И Степана Андреевича Волкова бросили в узилище, где он должен был ждать разбирательства…
Всесильный фаворит императрицы граф Эрнест Иоганн Бирен прибыл к утреннему приему у государыни. Он громко заявил придворным, что желает иметь с государыней приватный разговор. Все его слова приняли как приказ, и из покоев императрицы удалились.
— У тебя важные вести, друг мой? — спросила Анна по-немецки.
— Да, Анхен. Выяснил я подробности того дела, с которым явился к тебе граф Ушаков.
— Ты снова про это! Ты же знаешь, что я не хочу говорить про сие!
— Придется, Анхен! — настаивал Бирен. — Ты говорила о справедливости, и я принес её тебе. Степан Волков арестован по ложному доносу известного негодяя графа Дугласа. Узнал я про него все в подробностях. Доносит Дуглас, что состоял в заговоре с князем Голицыным. Но сей Голицын Дугласа в прежние времена со службы прогнал и лишил пенсии. Не странно ли, что Голицын Дугласа вовлек в заговор? Князь хоть и враг тебе, Анхен, но не дурак. Никогда не доверил бы он такой тайны Дугласу. А это значит, что слова Дугласа ложь. Но по чьему наущению он их сказал?
— Ты и сие узнал, Эрнест?
— Нет. Дугласа убрали вовремя.
— Ты переходи ближе к делу, Эрнест.
— Волков вел дело, которое ты сама разобрать повелела. И как только он стал клубок распутывать, ты отдала приказ Ушакову его арестовать. И дело стало! Кому сие выгодно? Волкову? Тебе? Вот и думай!
— Много ты наговорил, Эрнест. И не ты первый заступился за Волкова. Был у меня вчера преосвященный владыка Феофан. И подписала я бумагу об освобождении Волкова и снятии с него всех подозрений. Ты доволен?
Бирен поклонился царице.
— Во всем меня вы с Феофаном вините. Мол приказала арестовать Волкова. Но донос Ушакова был слишком серьезен. Могла ли я не проверить сего? Сам знаешь, каковы эти русские.

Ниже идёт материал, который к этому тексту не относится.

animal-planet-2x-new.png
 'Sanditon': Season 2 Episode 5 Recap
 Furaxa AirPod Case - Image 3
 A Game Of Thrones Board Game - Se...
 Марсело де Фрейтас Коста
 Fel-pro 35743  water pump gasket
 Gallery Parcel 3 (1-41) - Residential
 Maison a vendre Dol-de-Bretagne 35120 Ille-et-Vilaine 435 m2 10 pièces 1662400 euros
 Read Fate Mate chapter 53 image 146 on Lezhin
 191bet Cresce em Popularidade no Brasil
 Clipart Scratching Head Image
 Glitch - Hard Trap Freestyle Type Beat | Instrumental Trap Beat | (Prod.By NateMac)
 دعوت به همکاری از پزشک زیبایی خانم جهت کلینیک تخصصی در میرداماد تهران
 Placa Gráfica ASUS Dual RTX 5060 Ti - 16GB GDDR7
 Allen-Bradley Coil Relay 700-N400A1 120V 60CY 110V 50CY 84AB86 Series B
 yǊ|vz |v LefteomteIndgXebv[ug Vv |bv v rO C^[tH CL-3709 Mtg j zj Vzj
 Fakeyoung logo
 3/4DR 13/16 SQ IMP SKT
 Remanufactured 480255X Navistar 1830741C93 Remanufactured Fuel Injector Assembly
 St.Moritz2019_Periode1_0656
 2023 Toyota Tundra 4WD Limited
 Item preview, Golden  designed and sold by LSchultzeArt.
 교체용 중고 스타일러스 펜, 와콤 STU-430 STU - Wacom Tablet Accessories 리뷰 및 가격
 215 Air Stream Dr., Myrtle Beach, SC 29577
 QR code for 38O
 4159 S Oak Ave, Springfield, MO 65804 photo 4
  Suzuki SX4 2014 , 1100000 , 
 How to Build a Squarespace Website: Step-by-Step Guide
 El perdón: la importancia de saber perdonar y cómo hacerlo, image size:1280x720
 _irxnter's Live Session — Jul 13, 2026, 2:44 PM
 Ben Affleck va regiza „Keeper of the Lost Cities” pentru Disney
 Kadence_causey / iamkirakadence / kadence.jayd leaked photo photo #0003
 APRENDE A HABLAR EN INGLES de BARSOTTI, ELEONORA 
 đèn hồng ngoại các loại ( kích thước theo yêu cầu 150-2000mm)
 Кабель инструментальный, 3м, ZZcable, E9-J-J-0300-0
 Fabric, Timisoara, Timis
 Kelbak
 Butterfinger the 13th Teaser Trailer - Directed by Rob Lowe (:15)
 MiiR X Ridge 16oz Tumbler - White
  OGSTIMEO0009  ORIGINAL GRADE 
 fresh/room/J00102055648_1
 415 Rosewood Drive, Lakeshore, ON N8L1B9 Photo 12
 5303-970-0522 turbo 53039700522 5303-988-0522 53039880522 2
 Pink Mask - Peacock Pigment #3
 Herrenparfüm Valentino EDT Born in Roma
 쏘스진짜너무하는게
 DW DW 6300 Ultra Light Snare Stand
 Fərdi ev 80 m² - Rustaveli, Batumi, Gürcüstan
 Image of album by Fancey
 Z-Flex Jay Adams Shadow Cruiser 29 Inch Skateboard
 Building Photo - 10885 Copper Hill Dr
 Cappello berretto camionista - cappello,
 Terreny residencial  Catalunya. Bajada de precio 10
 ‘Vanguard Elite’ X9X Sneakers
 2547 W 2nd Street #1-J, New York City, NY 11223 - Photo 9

— Насколько я успел узнать Волкова, то могу сказать, что человек он честный. Такие не предают. Служит не за деньги, а во благо отечества и делу своему предан.
— Вот от таких честных и жду подвоха, Эрнест. Вот такие честные и свергают с трона царей.
— Анхен! Ты преувеличиваешь. Не ждет Волков от тебя ни чинов, ни денег. Не лебезит перед шутихами твоими, дабы хвалили его в твоем присутствии. Али не знаешь, что любимица твоя Юшкова по тысяче рублей берет за то, чтобы поведать тебе о том или ином человечке?